\name{SigTree}
\alias{SigTree}
%- Also NEED an '\alias' for EACH other topic documented here.
\title{
Branches evaluated statistically for tightness with hierarchical clustering.
}
\description{
Description: This function computes tightness statistics, and their corresponding permutation p-values, for branches of a hierarchical tree.
}
\usage{
SigTree(myinput,mystat=c("all","fldc","bldc","fldcc"),
	mymethod="complete",mymetric="euclidean",
	rand.fun=NA,by.block=NA,
	distrib=c("vanilla","Rparallel"),Ptail=TRUE,
	tailmethod="ML",njobs=1)
}
%- maybe also 'usage' for other objects documented here.
\arguments{
  \item{myinput}{
A matrix with rows corresponding to items to be clustered.
}
  \item{mystat}{
A character string specifying the names of statistics to be computed and evaluated for significance. If \code{"all"} is chosen, all statistics and p-values are computed. Otherwise, only the specified statistic and its p-value are computed.
%\code{"fldc"},\code{"bldc"},\code{"fldcc"} are computed based on the parent and children branches' height.
}
  \item{mymethod}{
A character string specifying the linkage method for hierarchical clustering, to be used by the \code{hclust} function. See \code{?hclust} argument \code{method} for method options.
}
  \item{mymetric}{
A character string specifying hierarchical clustering dissimilarity metric.Choices can be correlation based, \code{"pearson"},\code{"kendall"}, or \code{"spearman"}. Choices can also be distance measures to be used by \code{dist} function. See \code{?dist} argument \code{method} for method options. 
}
  \item{rand.fun}{
A character string specifying the permutation method to be applied to \code{myinput}. If NA(default), no permutation is performed. \code{"shuffle.column"} performs a random permutation independently within each column. With \code{"shuffle.block"}, a random permutation is performed independently within each block of columns, as specified by the \code{by.block} argument, and independently from the other blocks. It can also be a string contains any user supplied randomization function for \code{myinput}. For more details, see details and examples below.
}
  \item{by.block}{
A numeric vector of the same length as the column dimension of \code{myinput}, to specify the blocking of columns of \code{myinput}. It is used in conjunction with \code{rand.fun = "shuffle.block"} and optionally with a user-defined permutation method, and is ignored otherwise.  
}
  \item{distrib}{
One of \code{"vanilla", "Rparallel"} to specify the distributed computing option for the cluster assignment step.
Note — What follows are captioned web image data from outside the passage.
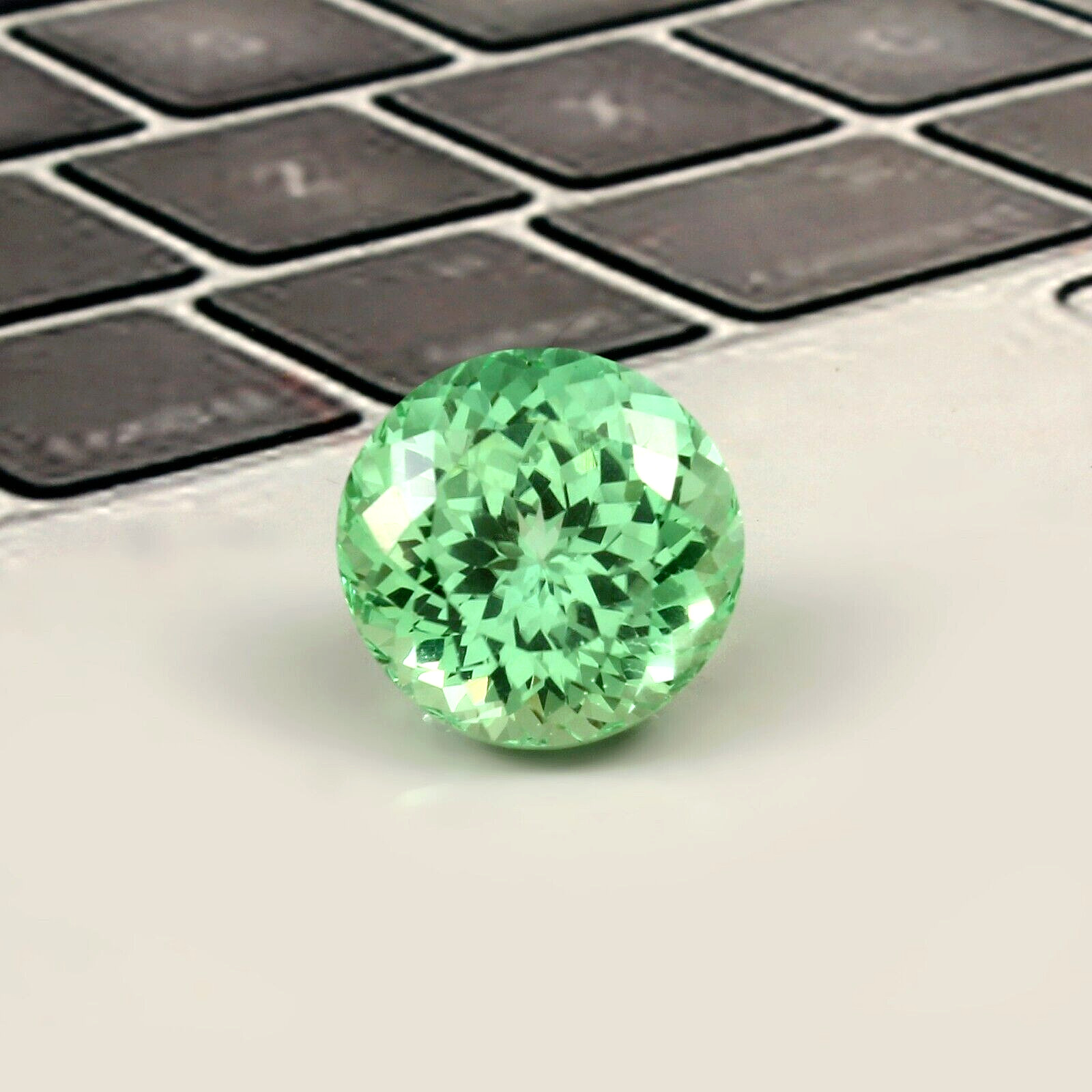 Natural Flawless Ceylon FL Green Parti Sapphire 22 Ct Round Cut Loose Gemstone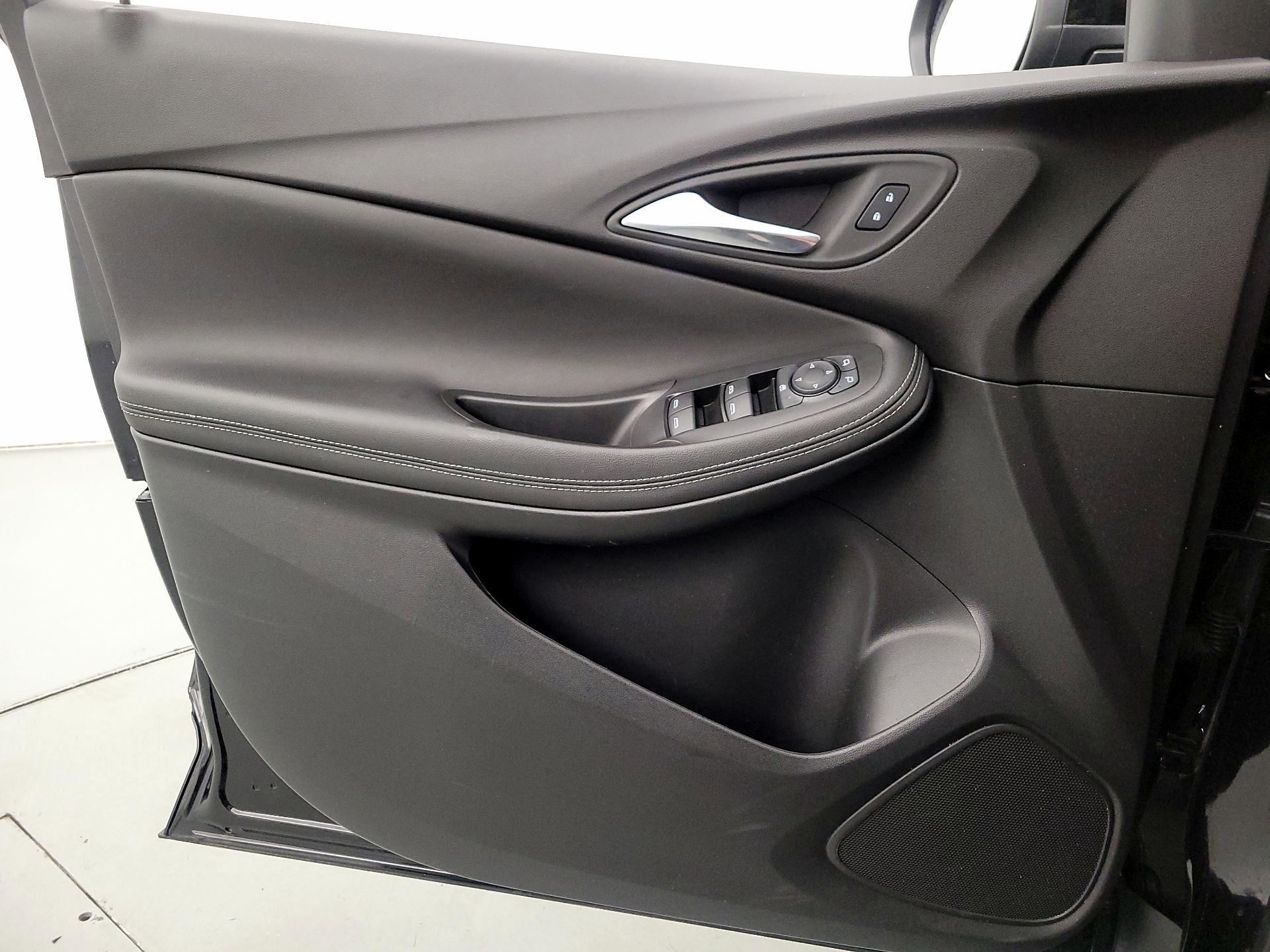 Thumbnail: 2025 Buick Encore GX - 12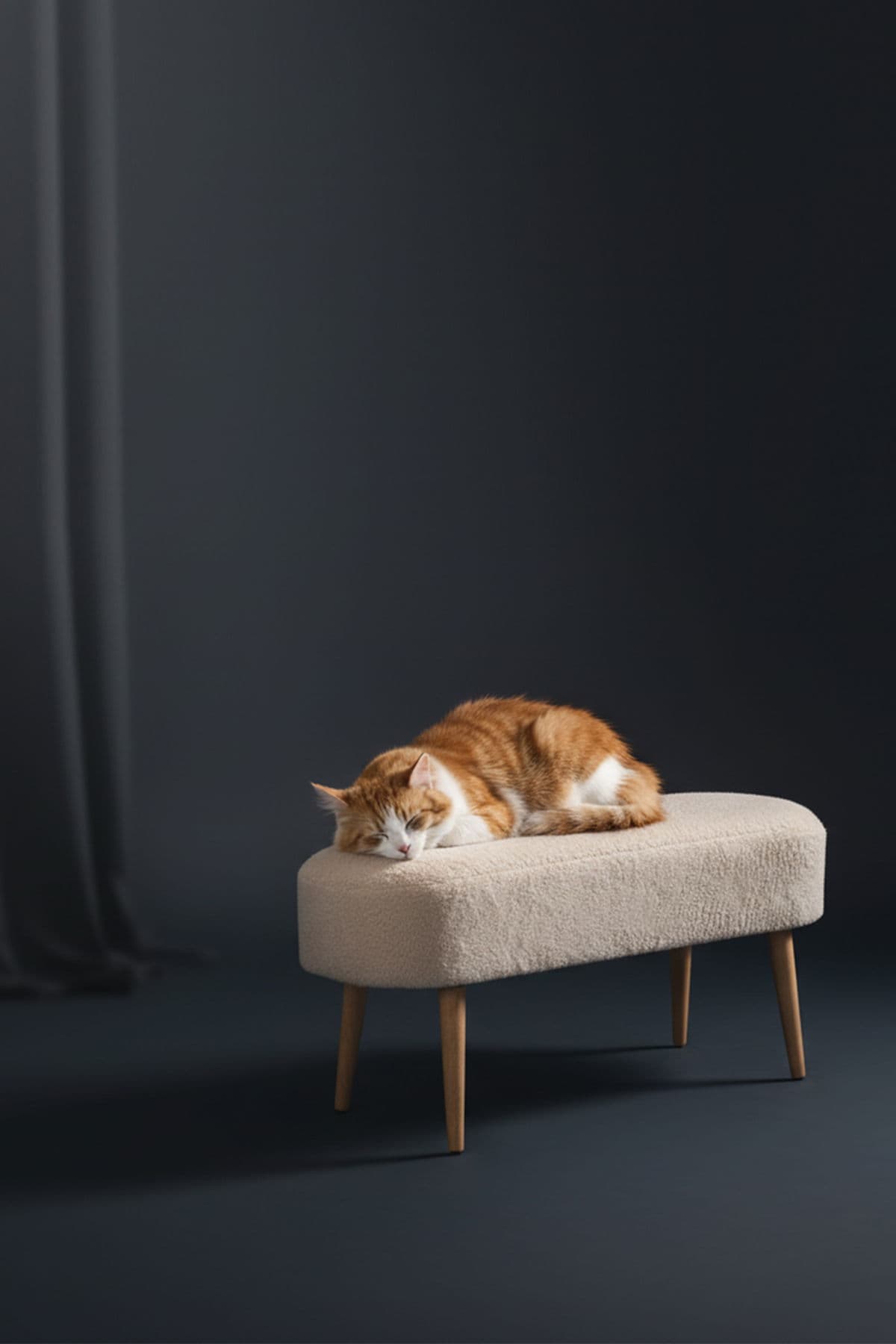 Retro Ahşap Ayaklı Geniş Oturum Alanlı Oval Puf Krem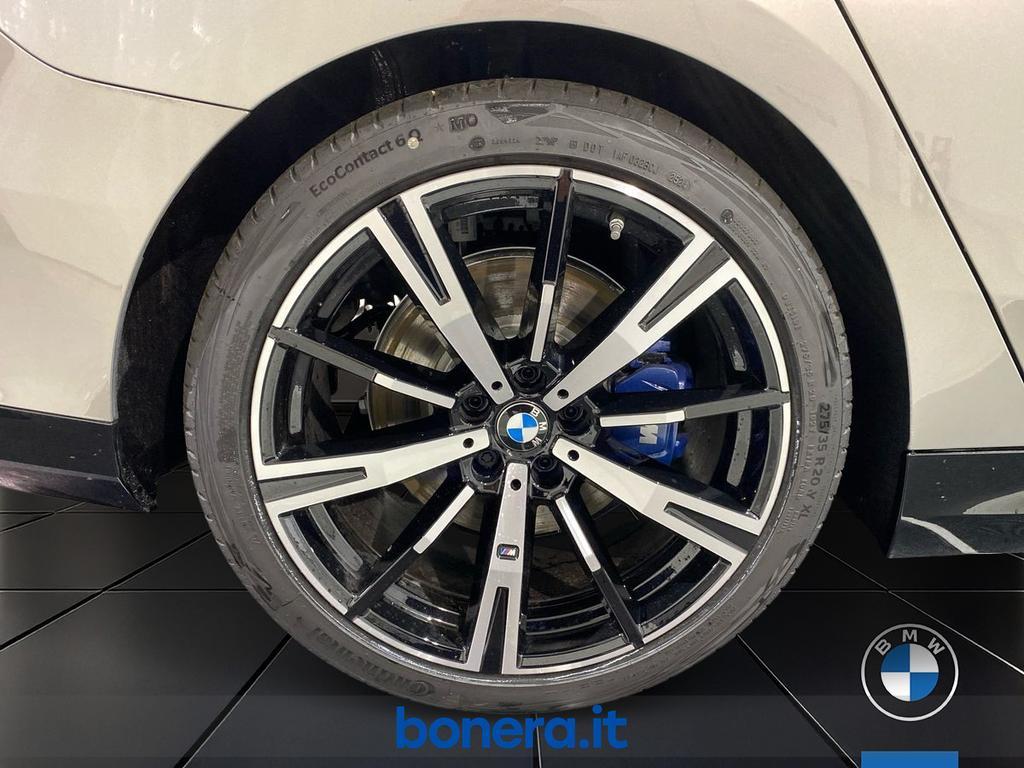 BMW Serie 5 Berlina 520 d 48V M Sport Pro xDrive Steptronic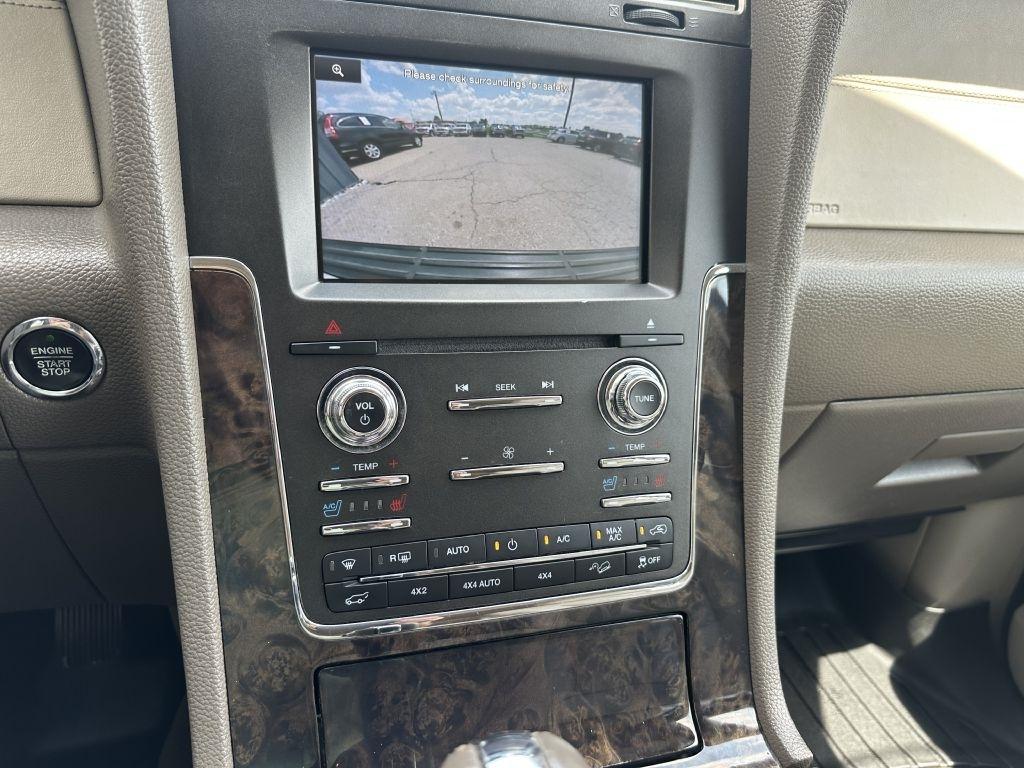 Lincoln Navigator 4WD 4dr 2015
For \code{"vanilla"} (default)
no distributed computing is performed. For \code{"Rparallel"} the \code{parallel} package of \code{R} core is used for multi-core processing.
}
  \item{Ptail}{
Logical. If \code{Ptail} is TRUE(default), the Generalized Pareto Distribution is used to approximate the null distribution of the chosen statistics. Otherwise, empirical p-values are computed directly from the permutation test.
}
  \item{tailmethod}{
A character string only needed to be specified if the \code{Ptail} is set to TRUE. \code{"ML"} uses maximum likelihood to estimate the parameters of Generalized Pareto Distribution. \code{"MOM"} uses method of moments to estimate those parameters. 
}
  \item{njobs}{
A single integer specifying the number of worker jobs to create in case of distributed computation.
}
}
\details{
When \code{rand.fun} is set to a user supplied randomization function, the first parameter should be used as the input \code{myinput}, and other parameter values should be given in advance. See examples below.
 
The function performs statistical evaluation on a number of different statistics. Given the hierarchical structure, a branch \code{a} has a sibling branch \code{b}, with which share the same parent branch \code{p}. We compute the statistics on measures of branches' height. Assume branch \code{a}, \code{b} and \code{p} have height \code{ha},\code{hb},\code{hp}, respectively. Annotation for statistic of the child branch is \code{Sa}, and the parent branch is \code{Sp}.  

fldc:

\code{Sa = (hp-ha)/hp}

fldcc:

\code{Sa = (hp-(ha-hb)/2)/ha}

bldc:

\code{Sp = (2*hp-ha-hb)/(2*hp)}

The tightness of each branch is computed by chosen statistics, and further evaluated by permutation p-values.
}
\value{
If \code{rand.fun} is set to NA, then this function returns the internal tree structure numeric table with extra columns of specified statistics.
If \code{rand.fun} is set to a specific permutation method, output returns an object of class \code{\link{best}}. See \code{?best} for details.
}
\references{
Theo A. Knijnenburg, Lodewyk F. A. Wessels et al (2009)
Fewer permutations, more accurate P-values
}
\author{
Guoli Sun, Alex Krasnitz
}
\note{
%When using generalized pareto p-value estimation, package \code{signal} should be installed in advance.
If \code{rand.fun} is a customized randomization function, make sure you have read and write permission at your local working environment.
}
\seealso{
\code{\link{best}},\code{\link{plot.best}}
}
\examples{
####leukemia data, with ground truth of three subtypes
data(leukemia)
#output only statistic table
mytable<-SigTree(data.matrix(leukemia),mystat="all",
        mymethod="ward",mymetric="euclidean")
class(mytable)
\dontrun{
#use multicore processing to detect significant sub-clusters
mytable<-SigTree(data.matrix(leukemia),mystat="all",
	mymethod="ward",mymetric="euclidean",rand.fun="shuffle.column",
	distrib="Rparallel",njobs=2,Ptail=TRUE)
class(mytable)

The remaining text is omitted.